── Data extract

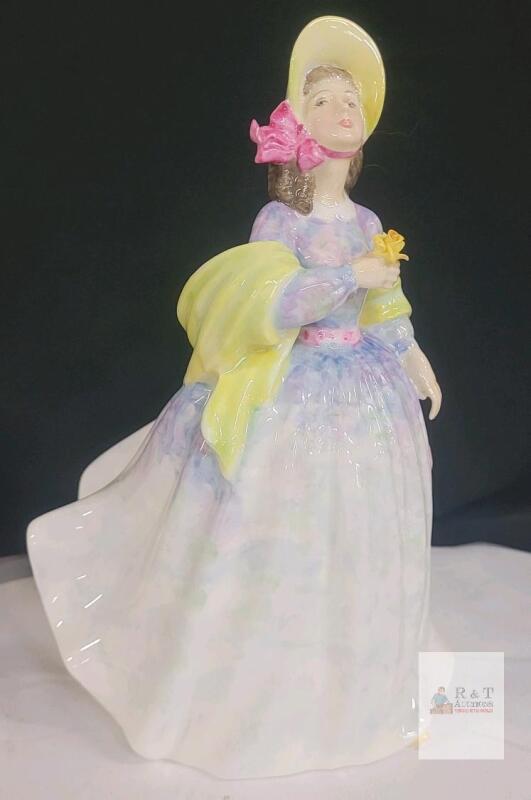 Royal Doulton " Clare " Figurine . Measures 7 &frac34;" tall . No chips or cracks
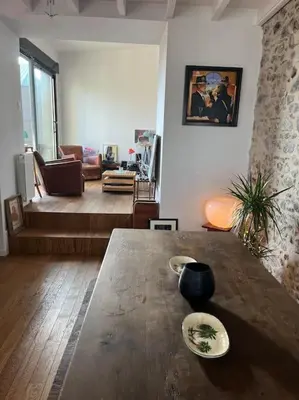 Coin salon dans l'établissement Charmant Cottage d'artistes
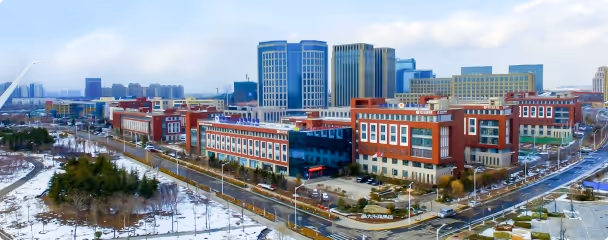 Aerial view of a modern urban area with multi-story commercial and office buildings surrounded by snowy ground and roads.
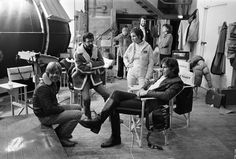 black and white photograph of people sitting in chairs around an engine room with two men standing next to them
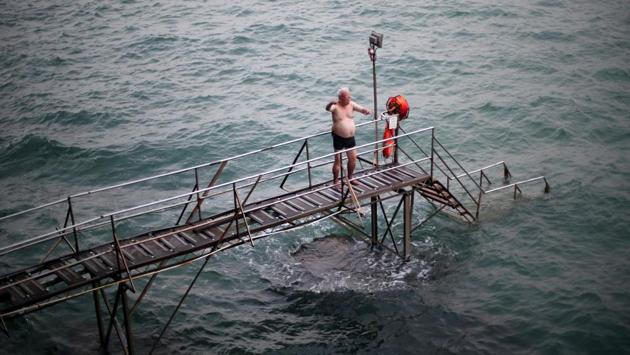 The residents, many of who have been swimming there for decades, plunge into the waters from steps reached by a spindly wooden bridge propped up on the rocks. (REUTERS / Hannah McKay) The residents, many of who have been swimming there for decades, plunge into the waters from steps reached by a spindly wooden bridge propped up on the rocks. (REUTERS / Hannah McKay)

────

What you will do — The required output is the lines from the one containing "Aerial view of" through the end of the records above, reproduced exactly, with no pictures.

Result of this exercise —
 Aerial view of a modern urban area with multi-story commercial and office buildings surrounded by snowy ground and roads.
 black and white photograph of people sitting in chairs around an engine room with two men standing next to them
 The residents, many of who have been swimming there for decades, plunge into the waters from steps reached by a spindly wooden bridge propped up on the rocks. (REUTERS / Hannah McKay) The residents, many of who have been swimming there for decades, plunge into the waters from steps reached by a spindly wooden bridge propped up on the rocks. (REUTERS / Hannah McKay)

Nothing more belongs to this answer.